National chart of cumulative criminal group extension and strength

Guide: A chart showing, all in one place, the aggregated nationwide presence and strength of each criminal group, quarterly from 2007 to 2015. Each bar (one per quarter) is made up of small rectangles, one for each group and each state in which that group was present, with rectangle height determined by the strength of presence in the state (minor, significant, major). Thus, the total length of a group’s color indicates its national territorial reach, growing or shrinking according to the number of states it is present in and the strength of its presence in each state. Hover over each small rectangle for details.

The overlaid white line represents the national homicide rate for that quarter.

Note: The maps and visualizations presented here are optimized for desktop viewing and may not function correctly on mobile devices. They may be shared and embedded with attribution.


The data tells two stories, one that is familiar and popular, and another that is more complicated. The first is that, as organized criminal groups splintered and became more powerful in more places, violence in Mexico increased. Simply put, more groups with more presence was followed by more homicides nationwide. This appears clearly here, particularly with the 2008 Sinaloa Cartel schism that created the independent Beltrán Leyva Organization and the 2010 Gulf Cartel schism that led to the independent Zetas. The former marked the start of a dramatically increasing rate of violence, the latter a moment when killings reached almost unimaginable levels. This is an oft-recounted narrative of the drug war.

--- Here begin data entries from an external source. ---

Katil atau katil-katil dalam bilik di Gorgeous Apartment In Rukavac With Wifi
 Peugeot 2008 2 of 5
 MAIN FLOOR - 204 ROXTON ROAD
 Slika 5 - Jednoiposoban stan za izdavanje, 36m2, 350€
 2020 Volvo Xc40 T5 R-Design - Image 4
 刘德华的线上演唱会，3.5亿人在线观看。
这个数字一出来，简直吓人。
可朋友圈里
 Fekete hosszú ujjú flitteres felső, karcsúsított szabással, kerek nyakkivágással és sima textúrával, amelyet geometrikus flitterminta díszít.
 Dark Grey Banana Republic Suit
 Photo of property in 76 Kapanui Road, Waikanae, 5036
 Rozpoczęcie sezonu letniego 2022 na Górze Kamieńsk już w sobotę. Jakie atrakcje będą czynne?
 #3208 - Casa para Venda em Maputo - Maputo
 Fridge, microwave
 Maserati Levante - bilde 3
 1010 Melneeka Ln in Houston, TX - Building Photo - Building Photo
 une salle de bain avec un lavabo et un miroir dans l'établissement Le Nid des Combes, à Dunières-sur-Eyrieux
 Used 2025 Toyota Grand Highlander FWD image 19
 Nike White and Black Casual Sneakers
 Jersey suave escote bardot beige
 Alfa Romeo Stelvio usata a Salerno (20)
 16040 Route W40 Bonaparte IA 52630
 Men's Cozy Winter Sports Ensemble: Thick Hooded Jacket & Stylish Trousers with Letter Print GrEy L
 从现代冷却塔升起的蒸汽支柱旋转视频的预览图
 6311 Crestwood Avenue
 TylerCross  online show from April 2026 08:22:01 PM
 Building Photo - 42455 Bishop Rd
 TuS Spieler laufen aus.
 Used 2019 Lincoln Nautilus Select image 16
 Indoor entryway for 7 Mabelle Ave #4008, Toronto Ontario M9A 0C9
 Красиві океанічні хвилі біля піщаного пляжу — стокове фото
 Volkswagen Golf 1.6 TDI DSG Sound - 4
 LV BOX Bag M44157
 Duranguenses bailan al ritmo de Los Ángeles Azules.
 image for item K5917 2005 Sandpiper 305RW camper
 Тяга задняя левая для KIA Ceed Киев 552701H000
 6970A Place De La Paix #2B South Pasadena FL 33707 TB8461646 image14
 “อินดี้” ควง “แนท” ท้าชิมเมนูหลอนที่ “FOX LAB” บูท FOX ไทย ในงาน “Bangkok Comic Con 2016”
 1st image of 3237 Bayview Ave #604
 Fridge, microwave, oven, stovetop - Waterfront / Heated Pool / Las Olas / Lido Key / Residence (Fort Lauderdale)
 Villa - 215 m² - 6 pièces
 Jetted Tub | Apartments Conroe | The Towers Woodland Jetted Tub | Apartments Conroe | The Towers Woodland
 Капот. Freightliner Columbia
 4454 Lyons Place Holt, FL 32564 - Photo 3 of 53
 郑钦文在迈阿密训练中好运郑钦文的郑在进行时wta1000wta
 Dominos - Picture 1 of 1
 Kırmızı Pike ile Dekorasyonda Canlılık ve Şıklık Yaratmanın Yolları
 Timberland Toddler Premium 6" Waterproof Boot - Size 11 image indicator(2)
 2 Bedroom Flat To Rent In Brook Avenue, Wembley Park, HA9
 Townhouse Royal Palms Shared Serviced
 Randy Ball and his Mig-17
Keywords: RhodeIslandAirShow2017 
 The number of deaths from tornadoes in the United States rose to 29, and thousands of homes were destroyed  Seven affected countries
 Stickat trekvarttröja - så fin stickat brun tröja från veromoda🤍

The second story emerges in 2012, when homicides decrease or hold steady, without any especially dramatic changes, despite continual fragmentation and a steady increase in the number of criminal groups, particularly after 2013. The sheer number of groups increased, but their combined footprint across Mexican states decreased, and with it the levels of overall violence. This story challenges the narrative that the fragmentation of groups necessarily produced violence and that enforcement strategies that produced it were complete failures. Rather, it suggests a more complex picture where the specific characteristics of groups and the particular contours of enforcement can shape better or worse outcomes.